- **RECORDS FOR THIS TASK**:
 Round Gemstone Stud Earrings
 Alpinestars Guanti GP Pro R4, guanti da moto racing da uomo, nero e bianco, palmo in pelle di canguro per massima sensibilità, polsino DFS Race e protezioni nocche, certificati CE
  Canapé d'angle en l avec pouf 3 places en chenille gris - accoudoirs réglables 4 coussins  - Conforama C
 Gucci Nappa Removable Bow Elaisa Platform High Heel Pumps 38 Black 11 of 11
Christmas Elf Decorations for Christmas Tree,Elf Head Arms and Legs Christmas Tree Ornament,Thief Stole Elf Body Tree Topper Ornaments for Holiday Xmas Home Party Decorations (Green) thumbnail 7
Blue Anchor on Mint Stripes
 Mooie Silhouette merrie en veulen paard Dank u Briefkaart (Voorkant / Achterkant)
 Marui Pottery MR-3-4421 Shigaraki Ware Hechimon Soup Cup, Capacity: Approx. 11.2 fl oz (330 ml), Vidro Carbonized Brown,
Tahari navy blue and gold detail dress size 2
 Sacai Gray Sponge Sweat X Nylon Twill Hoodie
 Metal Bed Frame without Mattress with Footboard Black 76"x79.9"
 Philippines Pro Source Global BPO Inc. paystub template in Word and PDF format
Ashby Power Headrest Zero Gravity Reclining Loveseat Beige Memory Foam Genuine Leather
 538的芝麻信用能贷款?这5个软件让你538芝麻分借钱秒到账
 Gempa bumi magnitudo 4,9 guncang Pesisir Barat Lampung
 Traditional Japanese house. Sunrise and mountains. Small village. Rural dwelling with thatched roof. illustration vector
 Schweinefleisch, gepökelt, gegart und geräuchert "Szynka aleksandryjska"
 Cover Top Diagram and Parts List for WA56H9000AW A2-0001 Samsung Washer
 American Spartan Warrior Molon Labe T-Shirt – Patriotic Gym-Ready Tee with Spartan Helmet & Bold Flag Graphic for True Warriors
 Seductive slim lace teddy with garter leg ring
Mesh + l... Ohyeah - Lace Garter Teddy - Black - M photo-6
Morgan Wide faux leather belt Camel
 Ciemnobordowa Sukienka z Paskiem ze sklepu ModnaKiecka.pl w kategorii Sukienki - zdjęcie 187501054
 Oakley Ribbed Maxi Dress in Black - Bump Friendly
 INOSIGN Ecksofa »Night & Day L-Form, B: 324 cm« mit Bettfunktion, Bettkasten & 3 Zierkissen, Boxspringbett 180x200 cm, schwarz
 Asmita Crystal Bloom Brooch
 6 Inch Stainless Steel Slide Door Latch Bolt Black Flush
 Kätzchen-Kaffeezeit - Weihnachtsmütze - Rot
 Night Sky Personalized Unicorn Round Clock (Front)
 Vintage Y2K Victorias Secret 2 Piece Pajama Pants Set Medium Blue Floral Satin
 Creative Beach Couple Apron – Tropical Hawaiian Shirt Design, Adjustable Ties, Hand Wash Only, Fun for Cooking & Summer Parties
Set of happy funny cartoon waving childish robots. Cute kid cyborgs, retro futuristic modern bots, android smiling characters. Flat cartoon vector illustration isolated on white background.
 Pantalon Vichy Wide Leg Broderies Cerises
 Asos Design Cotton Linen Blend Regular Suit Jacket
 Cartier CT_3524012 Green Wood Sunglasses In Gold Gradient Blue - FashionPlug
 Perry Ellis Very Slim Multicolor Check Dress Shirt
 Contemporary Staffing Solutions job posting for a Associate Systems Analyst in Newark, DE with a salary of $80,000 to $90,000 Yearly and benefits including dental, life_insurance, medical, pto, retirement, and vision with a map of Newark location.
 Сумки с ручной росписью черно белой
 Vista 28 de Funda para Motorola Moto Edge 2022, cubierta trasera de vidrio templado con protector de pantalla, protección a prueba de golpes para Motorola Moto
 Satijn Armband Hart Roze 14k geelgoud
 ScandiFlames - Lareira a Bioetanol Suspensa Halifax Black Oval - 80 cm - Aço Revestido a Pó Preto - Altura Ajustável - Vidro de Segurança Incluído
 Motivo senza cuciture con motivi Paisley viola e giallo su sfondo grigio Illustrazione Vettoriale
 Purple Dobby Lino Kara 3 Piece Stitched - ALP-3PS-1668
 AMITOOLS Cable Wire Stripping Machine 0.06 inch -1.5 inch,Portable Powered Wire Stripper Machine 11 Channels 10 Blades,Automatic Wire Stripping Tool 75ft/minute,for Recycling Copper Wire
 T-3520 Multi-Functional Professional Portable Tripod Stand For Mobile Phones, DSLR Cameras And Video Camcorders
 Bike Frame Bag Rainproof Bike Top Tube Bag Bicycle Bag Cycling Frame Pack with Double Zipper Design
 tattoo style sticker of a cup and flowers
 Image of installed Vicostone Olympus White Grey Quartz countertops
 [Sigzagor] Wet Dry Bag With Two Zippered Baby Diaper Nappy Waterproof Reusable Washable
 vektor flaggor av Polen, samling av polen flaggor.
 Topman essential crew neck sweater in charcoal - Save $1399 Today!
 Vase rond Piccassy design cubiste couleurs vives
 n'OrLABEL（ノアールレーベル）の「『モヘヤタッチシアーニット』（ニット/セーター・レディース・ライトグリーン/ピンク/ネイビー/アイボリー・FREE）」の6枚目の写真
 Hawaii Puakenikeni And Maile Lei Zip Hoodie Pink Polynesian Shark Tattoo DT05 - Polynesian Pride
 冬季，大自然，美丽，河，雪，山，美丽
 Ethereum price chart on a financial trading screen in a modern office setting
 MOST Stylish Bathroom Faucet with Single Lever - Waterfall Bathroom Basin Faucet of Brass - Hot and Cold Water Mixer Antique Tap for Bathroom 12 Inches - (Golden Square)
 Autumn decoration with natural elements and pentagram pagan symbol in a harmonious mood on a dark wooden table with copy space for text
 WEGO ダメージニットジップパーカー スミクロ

- **WHAT NEEDS TO BE DONE**: The lines from the top of the data above down to the line containing "American Spartan Warrior" are to be copied exactly; no other line should appear.

- **EXERCISE RESPONSE**:
 Round Gemstone Stud Earrings
 Alpinestars Guanti GP Pro R4, guanti da moto racing da uomo, nero e bianco, palmo in pelle di canguro per massima sensibilità, polsino DFS Race e protezioni nocche, certificati CE
  Canapé d'angle en l avec pouf 3 places en chenille gris - accoudoirs réglables 4 coussins  - Conforama C
 Gucci Nappa Removable Bow Elaisa Platform High Heel Pumps 38 Black 11 of 11
Christmas Elf Decorations for Christmas Tree,Elf Head Arms and Legs Christmas Tree Ornament,Thief Stole Elf Body Tree Topper Ornaments for Holiday Xmas Home Party Decorations (Green) thumbnail 7
Blue Anchor on Mint Stripes
 Mooie Silhouette merrie en veulen paard Dank u Briefkaart (Voorkant / Achterkant)
 Marui Pottery MR-3-4421 Shigaraki Ware Hechimon Soup Cup, Capacity: Approx. 11.2 fl oz (330 ml), Vidro Carbonized Brown,
Tahari navy blue and gold detail dress size 2
 Sacai Gray Sponge Sweat X Nylon Twill Hoodie
 Metal Bed Frame without Mattress with Footboard Black 76"x79.9"
 Philippines Pro Source Global BPO Inc. paystub template in Word and PDF format
Ashby Power Headrest Zero Gravity Reclining Loveseat Beige Memory Foam Genuine Leather
 538的芝麻信用能贷款?这5个软件让你538芝麻分借钱秒到账
 Gempa bumi magnitudo 4,9 guncang Pesisir Barat Lampung
 Traditional Japanese house. Sunrise and mountains. Small village. Rural dwelling with thatched roof. illustration vector
 Schweinefleisch, gepökelt, gegart und geräuchert "Szynka aleksandryjska"
 Cover Top Diagram and Parts List for WA56H9000AW A2-0001 Samsung Washer
 American Spartan Warrior Molon Labe T-Shirt – Patriotic Gym-Ready Tee with Spartan Helmet & Bold Flag Graphic for True Warriors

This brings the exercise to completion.